*** Block opens ***

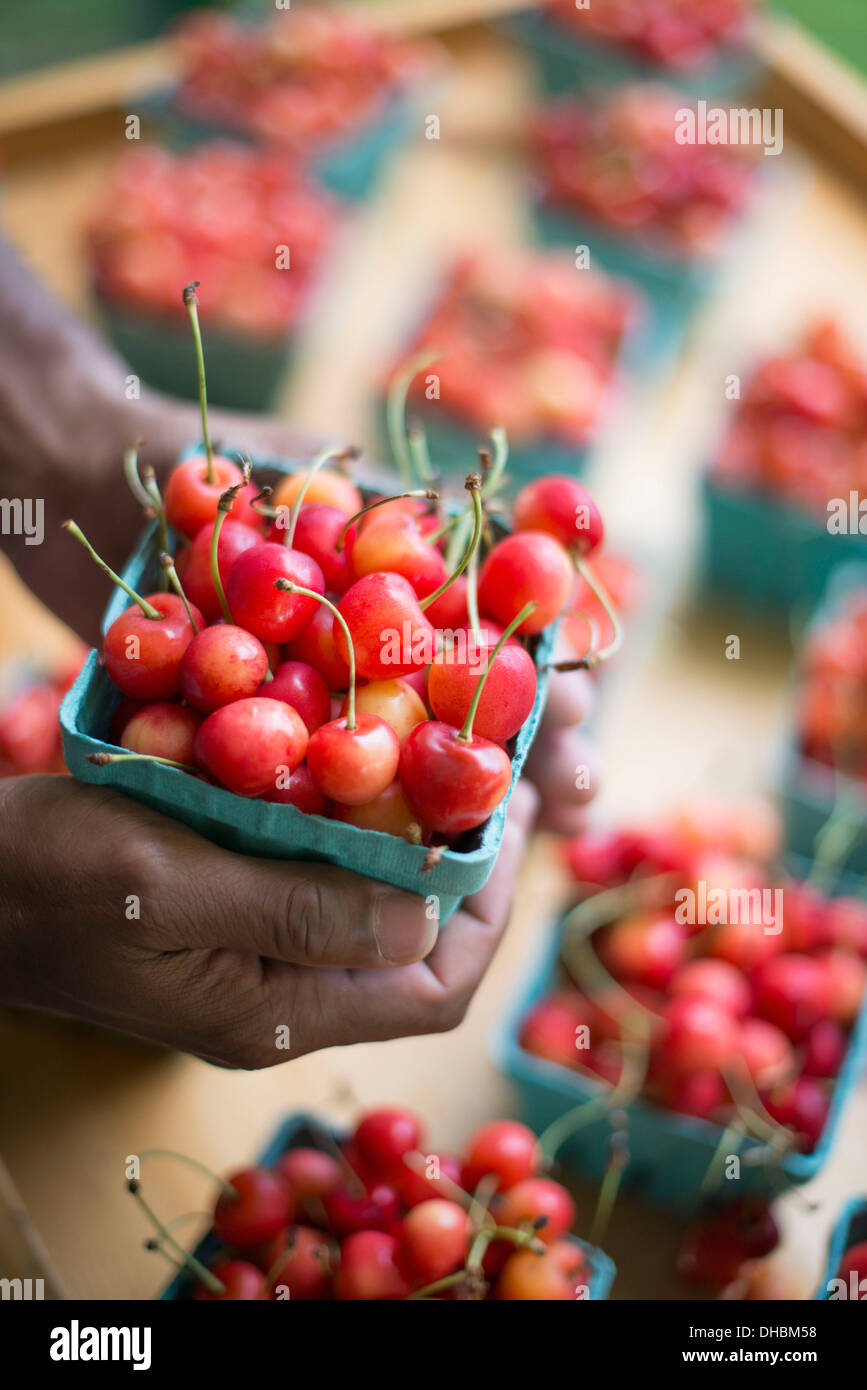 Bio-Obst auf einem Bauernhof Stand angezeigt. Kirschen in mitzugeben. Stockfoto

*** Block closes ***
*** Block opens ***

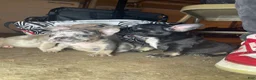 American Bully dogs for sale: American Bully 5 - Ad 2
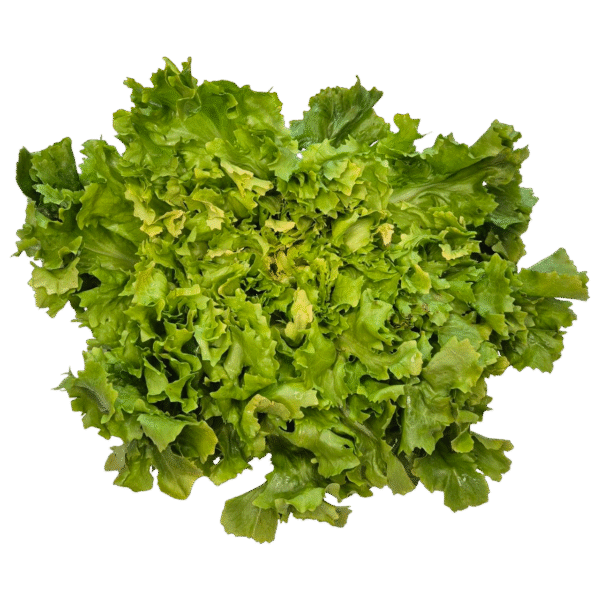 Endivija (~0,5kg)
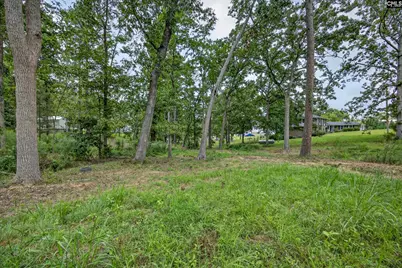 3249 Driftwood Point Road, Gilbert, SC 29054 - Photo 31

*** Block closes ***
*** Block opens ***

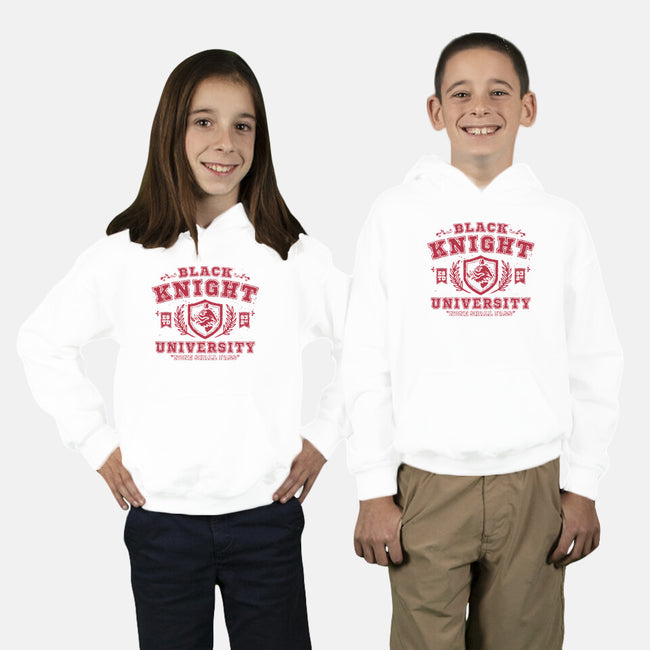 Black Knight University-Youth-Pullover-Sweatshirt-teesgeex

*** Block closes ***

*Your goal*. Using the records above, print exactly the run of lines that starts with the line with "Endivija (~0,5kg)" and goes on through the line with "3249 Driftwood Point", pictures excluded.

*Solution*.
 Endivija (~0,5kg)
 3249 Driftwood Point Road, Gilbert, SC 29054 - Photo 31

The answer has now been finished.